◆ Data for this exercise ◆
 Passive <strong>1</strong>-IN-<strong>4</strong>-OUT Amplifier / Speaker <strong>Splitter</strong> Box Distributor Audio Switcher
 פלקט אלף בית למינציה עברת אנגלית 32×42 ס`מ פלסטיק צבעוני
==
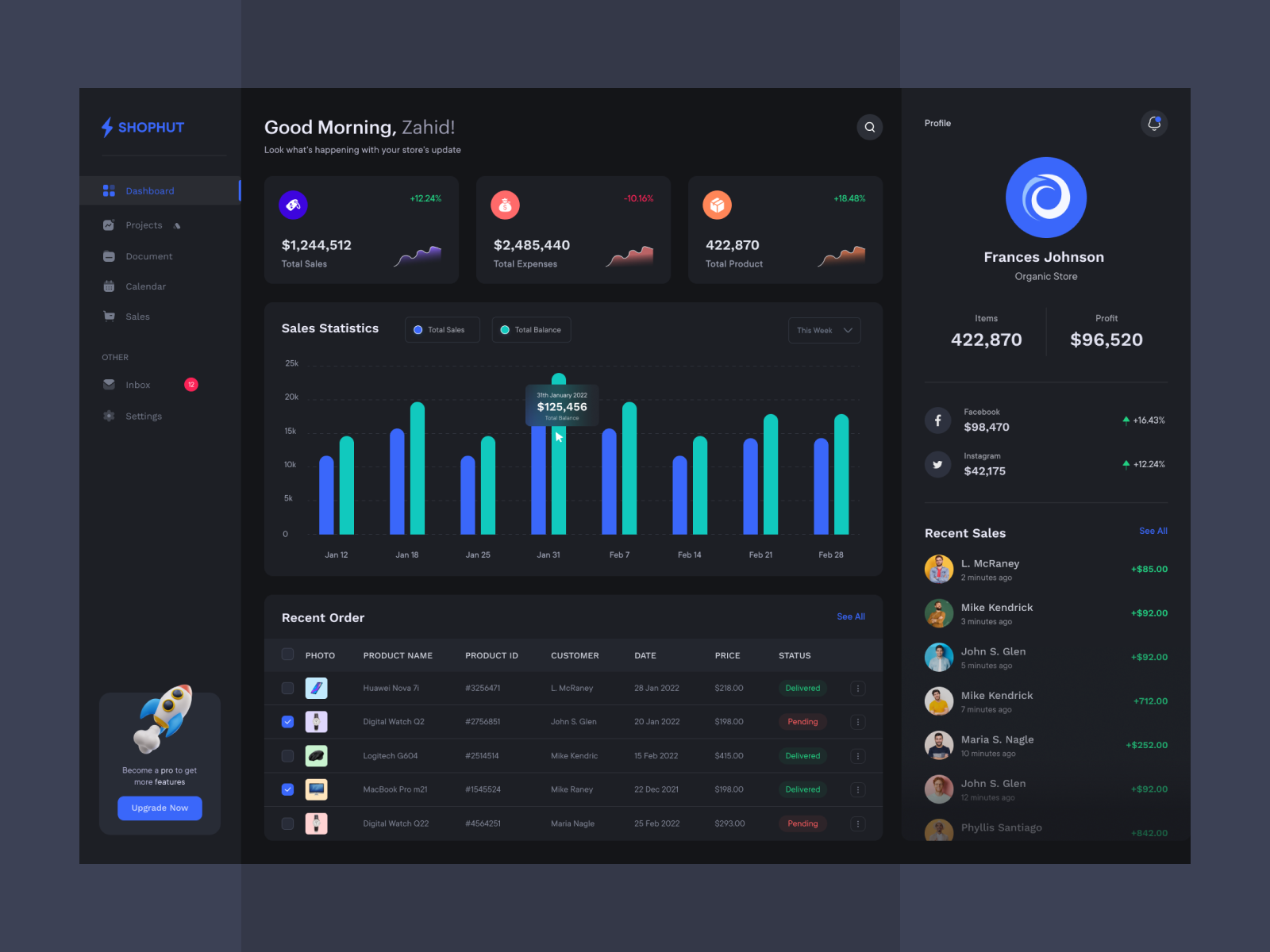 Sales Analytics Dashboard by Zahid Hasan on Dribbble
--
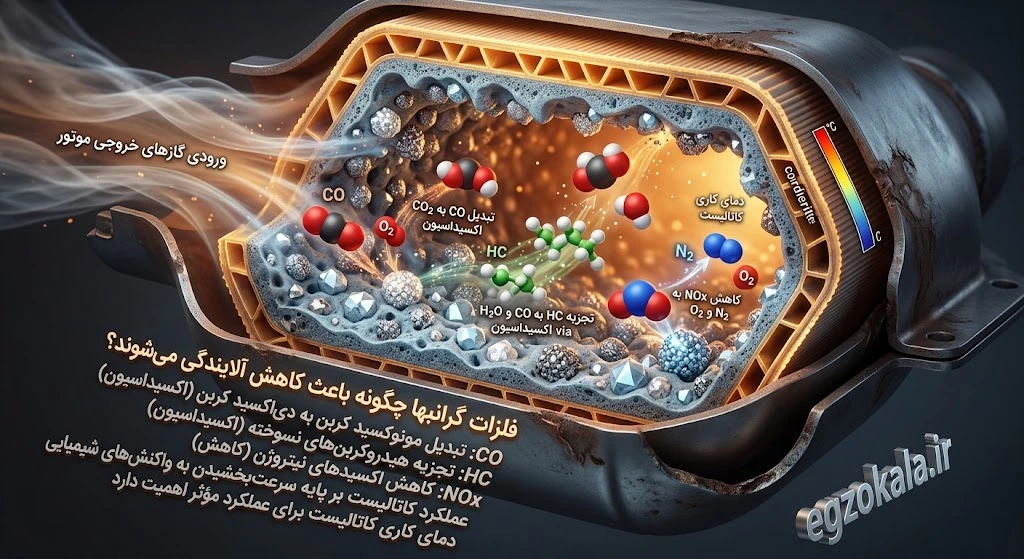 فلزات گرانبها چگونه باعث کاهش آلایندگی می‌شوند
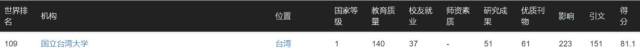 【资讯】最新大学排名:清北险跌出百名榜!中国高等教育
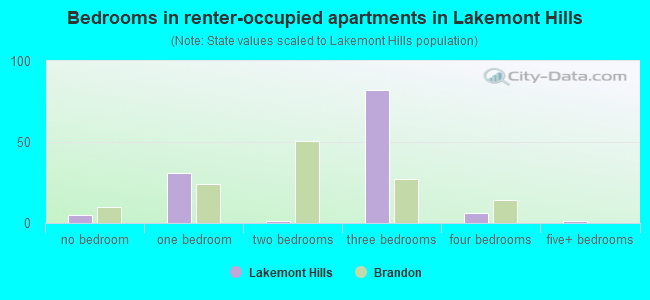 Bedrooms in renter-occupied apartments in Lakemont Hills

◆ What to work on ◆
In your answer, include only the lines above starting at the line that holds "Passive <strong>1</strong>-IN-<strong>4</strong>-OUT Amplifier" and ending at the line that holds "פלקט אלף בית", copied exactly.

◆ Solution for this exercise ◆
 Passive <strong>1</strong>-IN-<strong>4</strong>-OUT Amplifier / Speaker <strong>Splitter</strong> Box Distributor Audio Switcher
 פלקט אלף בית למינציה עברת אנגלית 32×42 ס`מ פלסטיק צבעוני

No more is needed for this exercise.